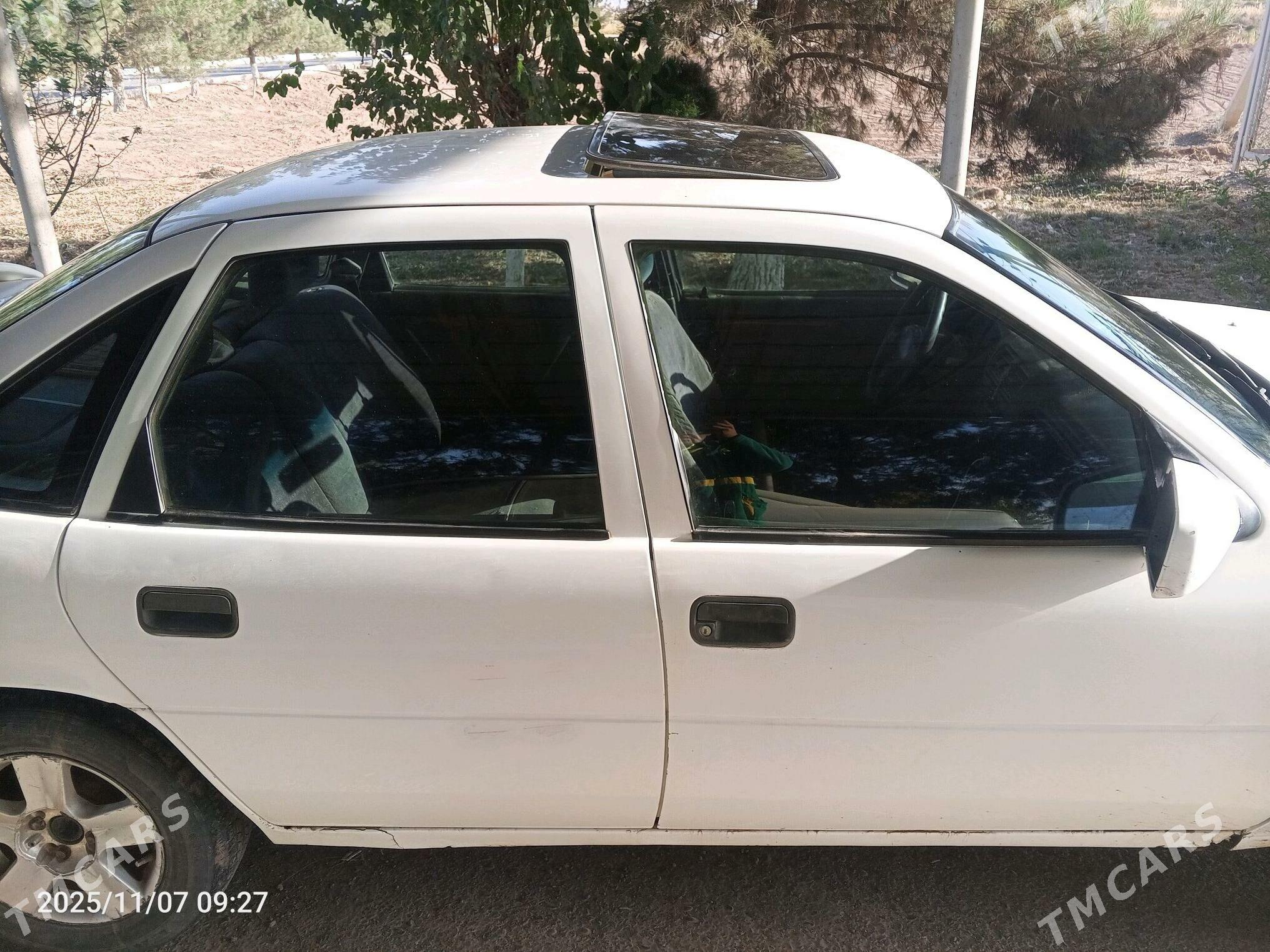 Opel Vectra 1992 - 30 000 TMT - Sarahs - img 4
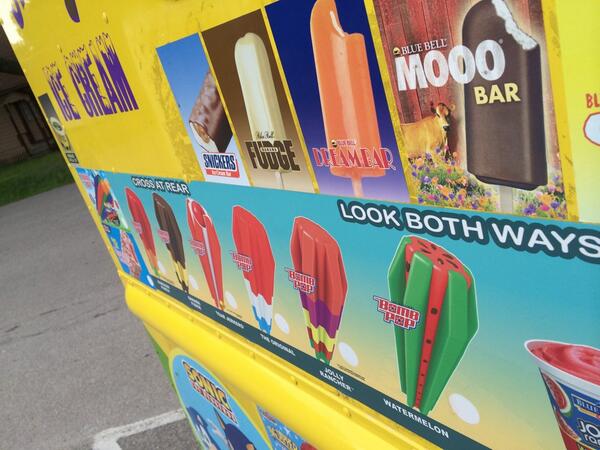 lickitysplitice tweet picture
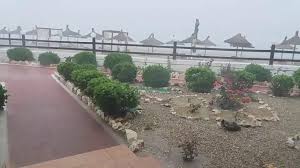 Centrul statiunii eforie se situeaza la cateva minute distanta de complex. Furtuna La Mare Complex Turistic La Perla Statiunea Eforie Nord Romania Youtube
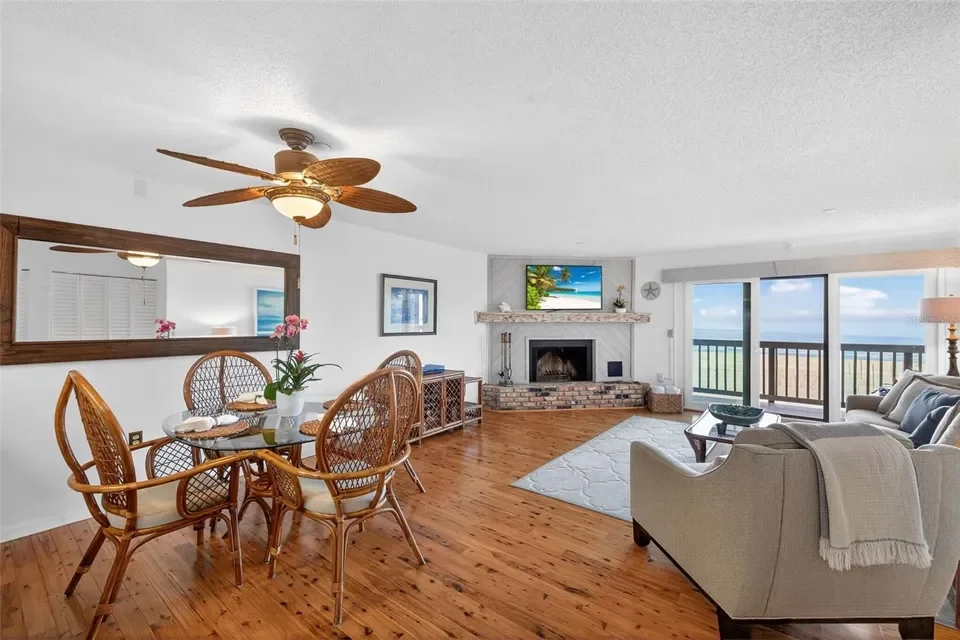 SA - 19010 Gulf Blvd Unit 101 7.webp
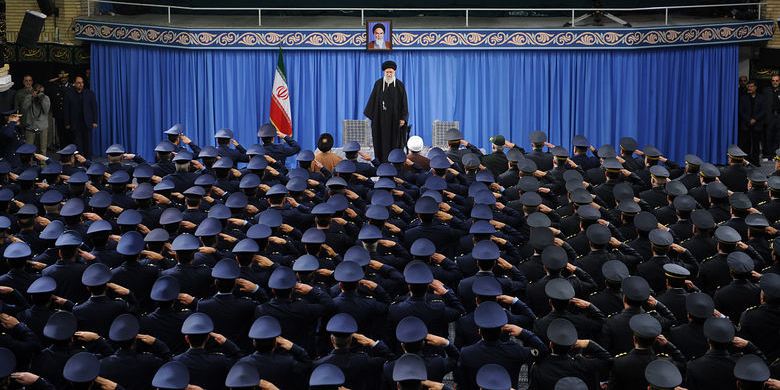 مقام معظم رهبری: به اروپاییها اعتماد نکنید/ در مذاکرات هستهای هم گفتم آمریکا غیرقابل اعتماد است/ مخالفت با انجام حرکات ضدوحدت در راهپیمایی ۲۲بهمن/ ۲۲ بهمن جای تسویه حساب نیست مقام معظم رهبری: به اروپاییها اعتماد نکنید/ در مذاکرات هستهای هم گفتم آمریکا غیرقابل اعتماد است/ مخالفت با انجام حرکات ضدوحدت در راهپیمایی ۲۲بهمن/ ۲۲ بهمن جای تسویه حساب نیست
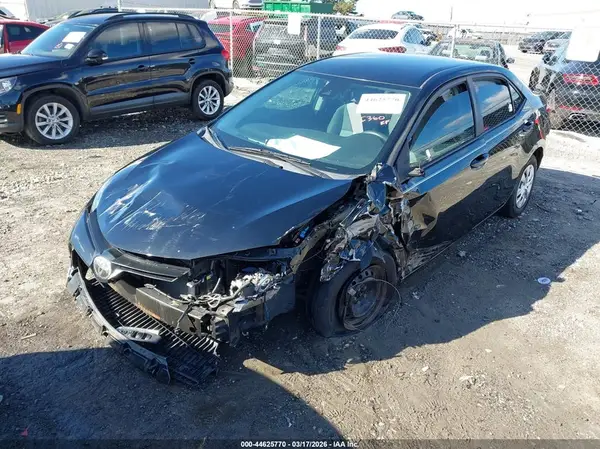 2T1BURHE5KC128745 2019 TOYOTA COROLLA - Image 2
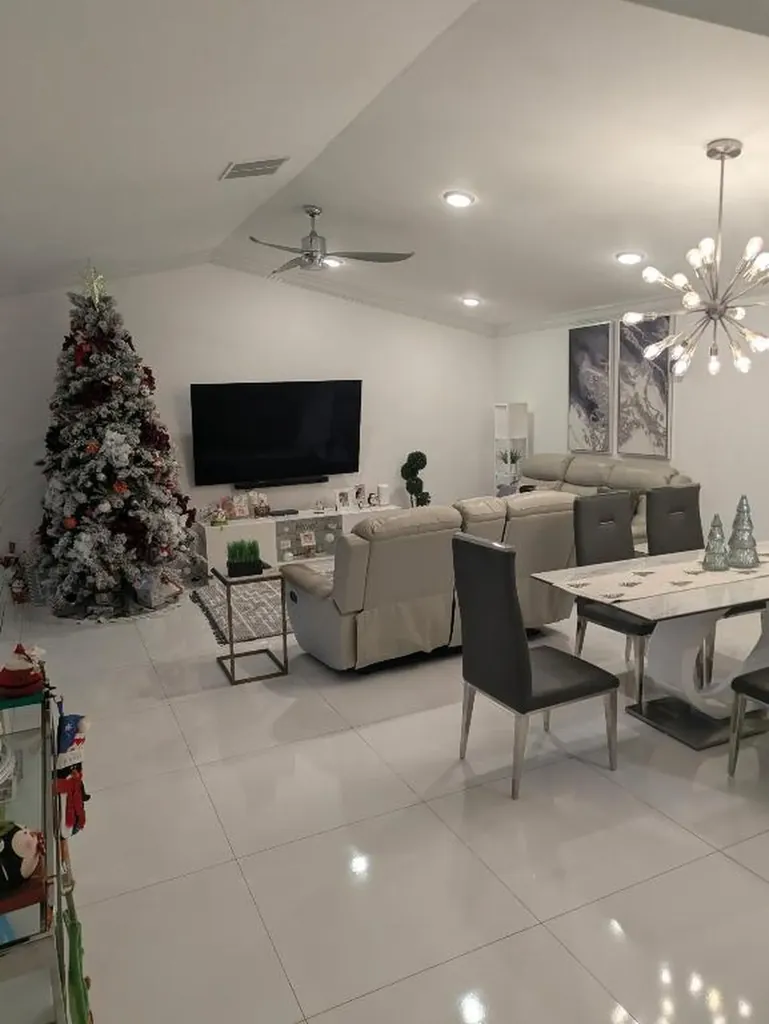 23277 Barlake Drive Boca Raton FL 33433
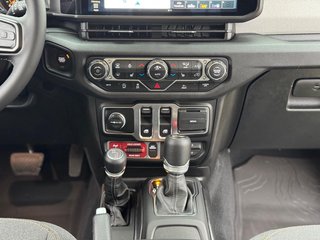 Jeep Wrangler 2.0l Willys 4X4 +AHK + Rubicon-Achse + Sperre - bilder 22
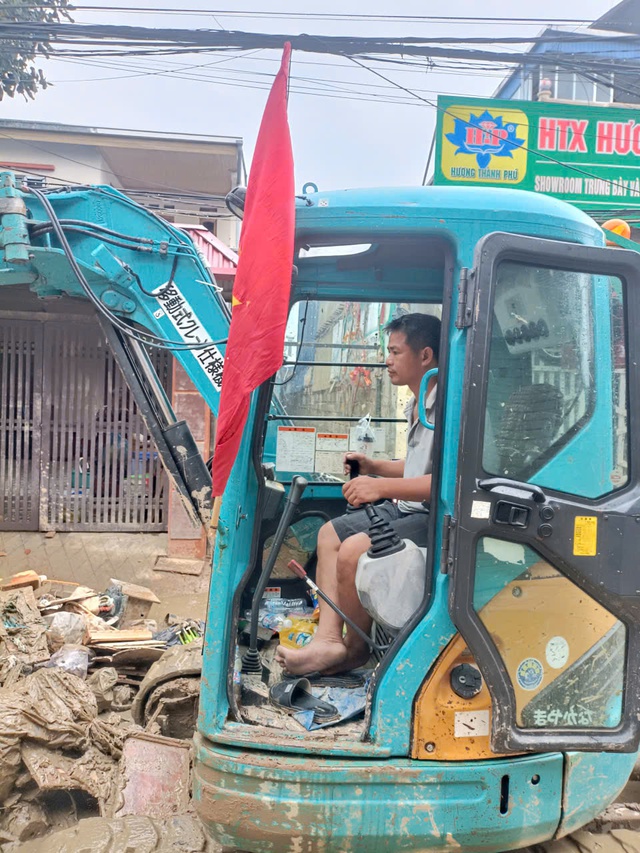Lái xe xúc vượt 160 km đến Thái Nguyên …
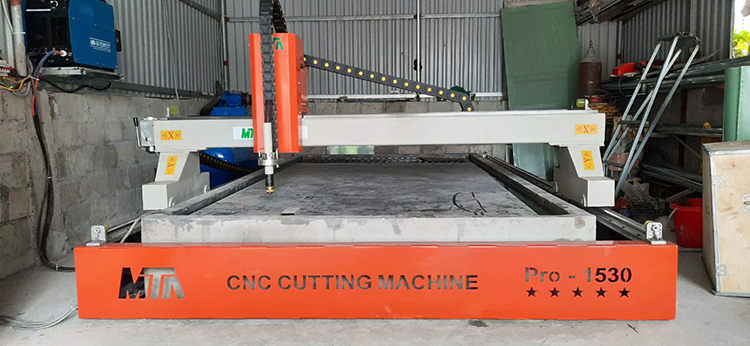 máy cắt plasma cnc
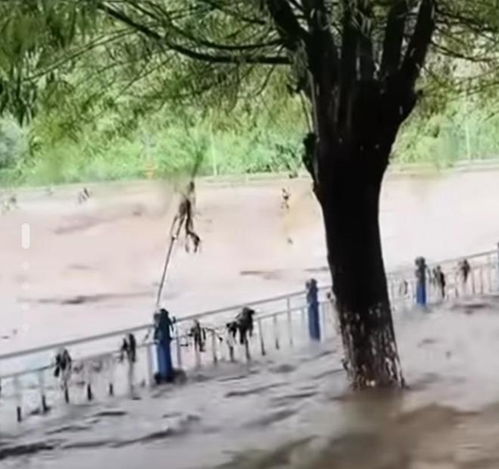辽宁建昌强降雨300多人被困，一场人与自然的硬仗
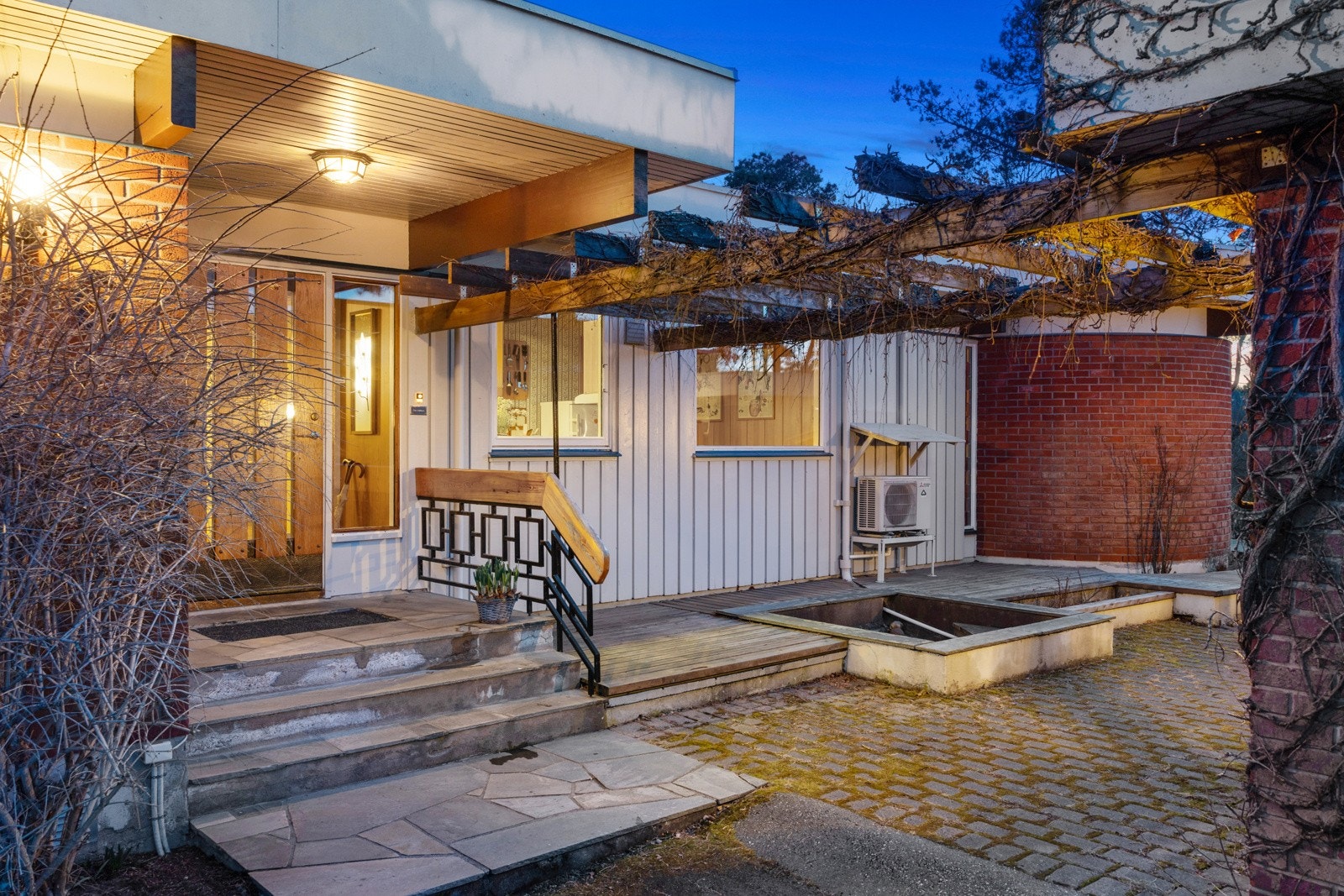 Atrium med pergola ved inngangsparti. Galleribilde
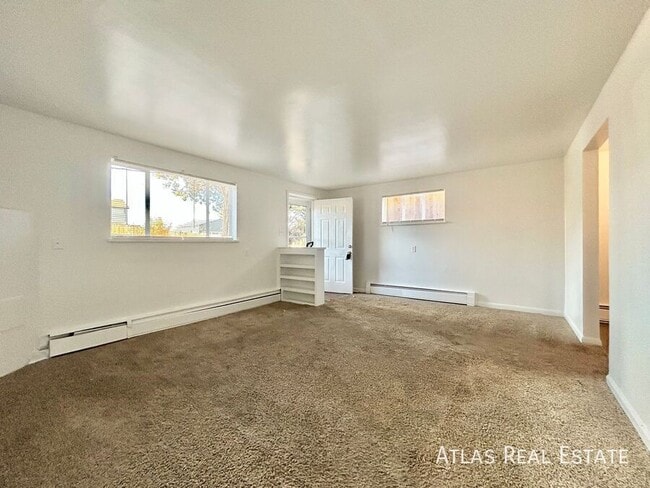 Building Photo - 878 Linley Ct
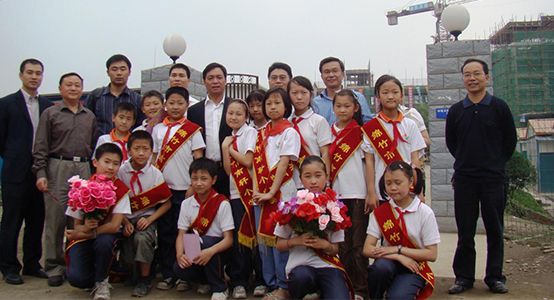 陈卓林一行和Z6尊龙捐建的南轩小学学生合影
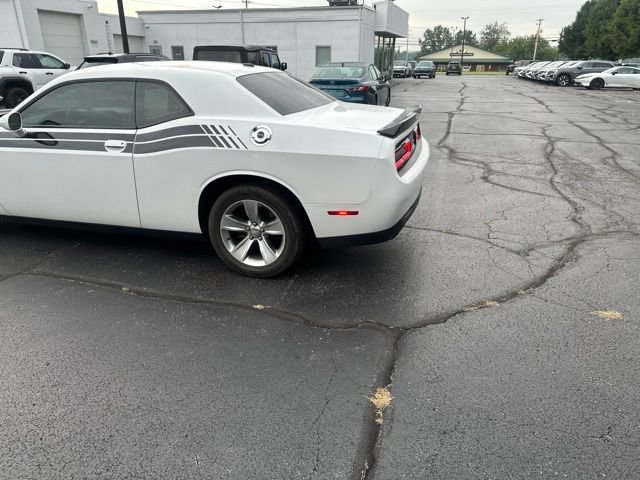 Used 2017 Dodge Challenger SXT RWD image 5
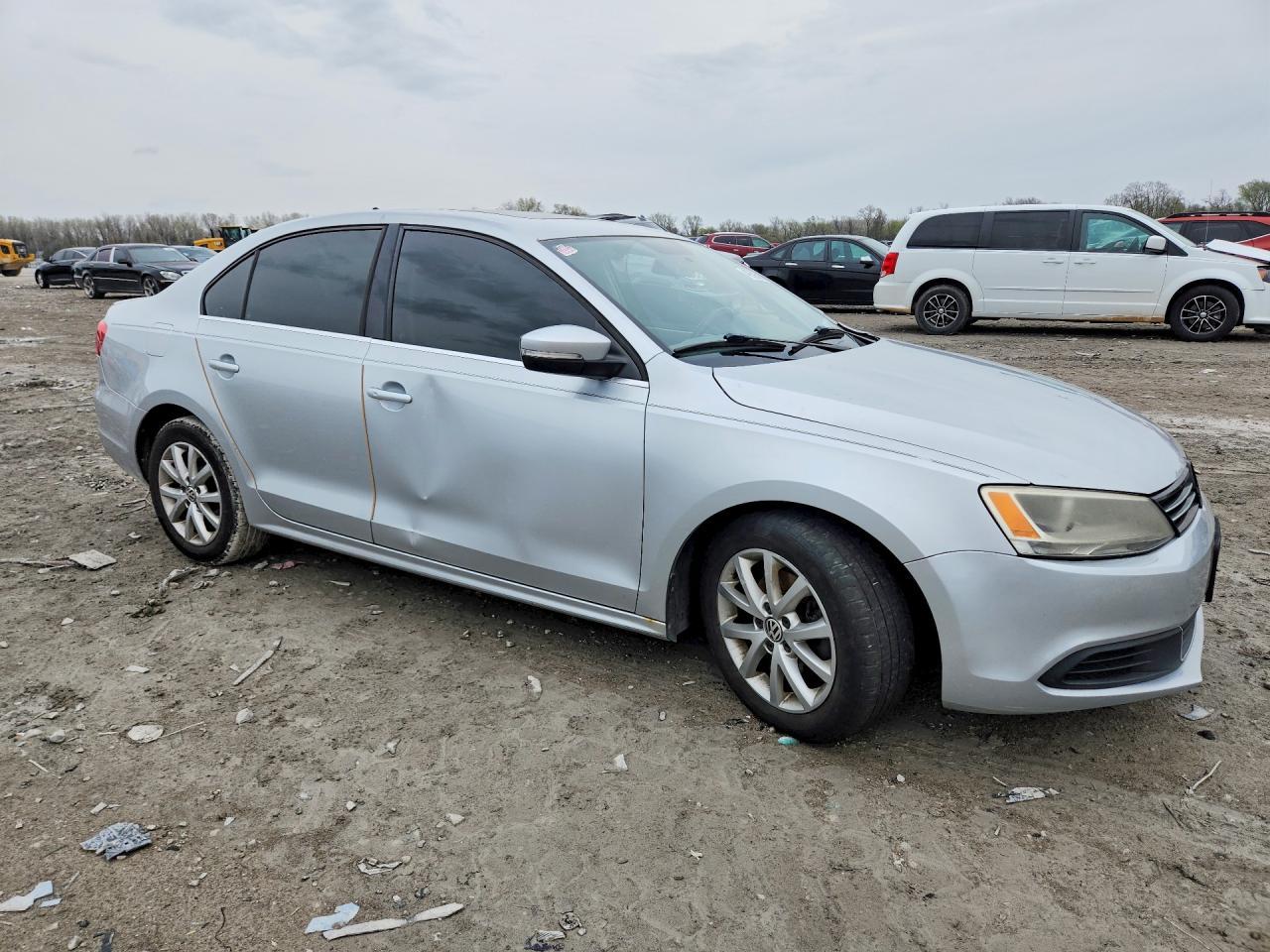 2014 Volkswagen Jetta Se - Image 4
____________________
All lines from the one containing "2T1BURHE5KC128745 2019 TOYOTA" through the final line of the entries above are to be copied exactly; the pictures are not.

▶ REPLY TO THE EXERCISE:
 2T1BURHE5KC128745 2019 TOYOTA COROLLA - Image 2
 23277 Barlake Drive Boca Raton FL 33433
 Jeep Wrangler 2.0l Willys 4X4 +AHK + Rubicon-Achse + Sperre - bilder 22
Lái xe xúc vượt 160 km đến Thái Nguyên …
 máy cắt plasma cnc
辽宁建昌强降雨300多人被困，一场人与自然的硬仗
 Atrium med pergola ved inngangsparti. Galleribilde
 Building Photo - 878 Linley Ct
 陈卓林一行和Z6尊龙捐建的南轩小学学生合影
 Used 2017 Dodge Challenger SXT RWD image 5
 2014 Volkswagen Jetta Se - Image 4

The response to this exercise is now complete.